§ **Your assignment**
Write all of the entries out again exactly, but not the images.

(Provided records begins)

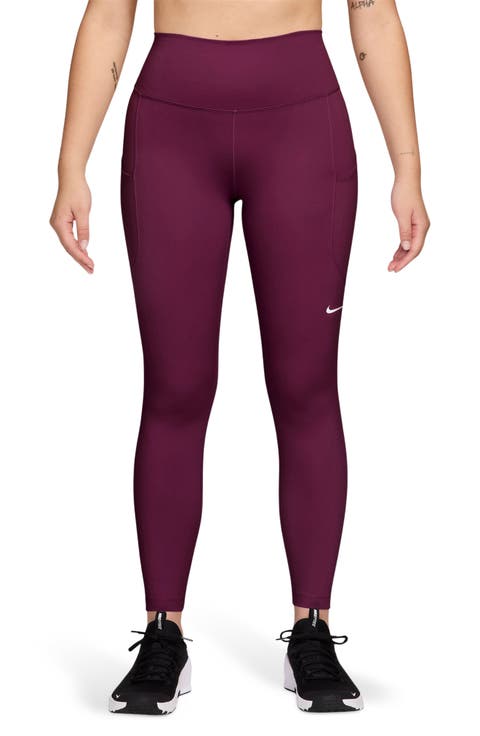 Dri-FIT One High Waist 7/8 Leggings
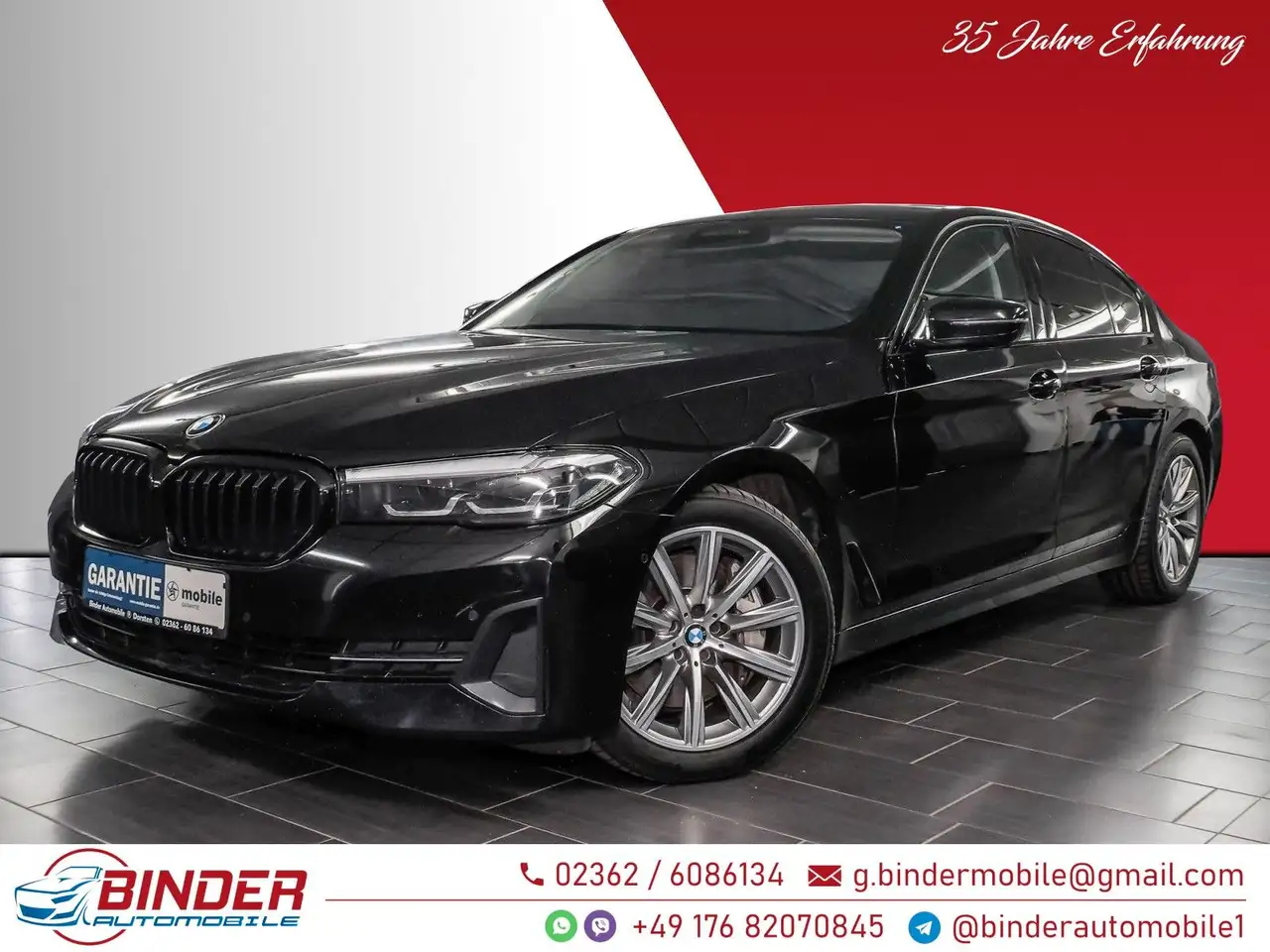 BMW 530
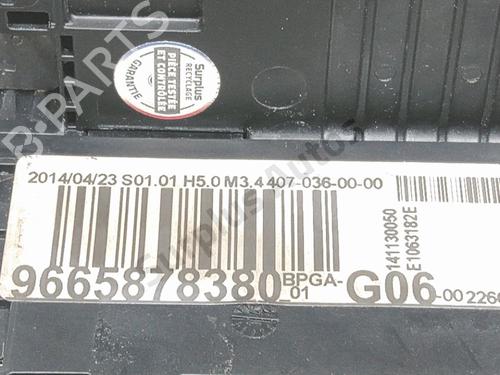 Electronic module CITROËN DS4 (NX_) 1.6 HDi 115 | BP39705654M83 - Image 3
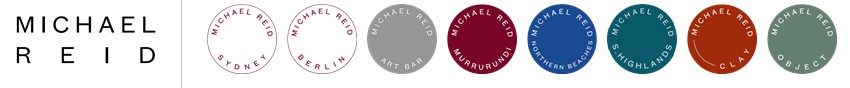 Image of Michael Reid galleries logo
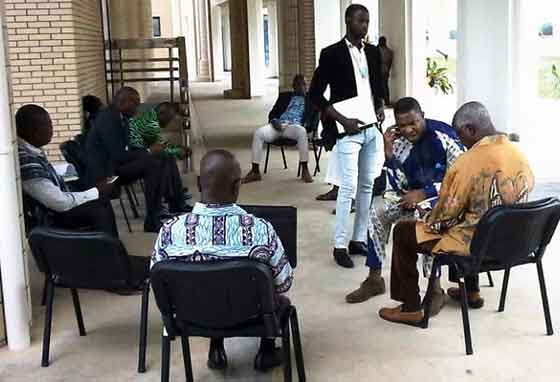 Togo : Dama Dramani et sa bande consacrent l’État voyou                                                                             22 octobre 2018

(Provided records ends)

§ **Answer area**
 Dri-FIT One High Waist 7/8 Leggings
 BMW 530
 Electronic module CITROËN DS4 (NX_) 1.6 HDi 115 | BP39705654M83 - Image 3
 Image of Michael Reid galleries logo
 Togo : Dama Dramani et sa bande consacrent l’État voyou                                                                             22 octobre 2018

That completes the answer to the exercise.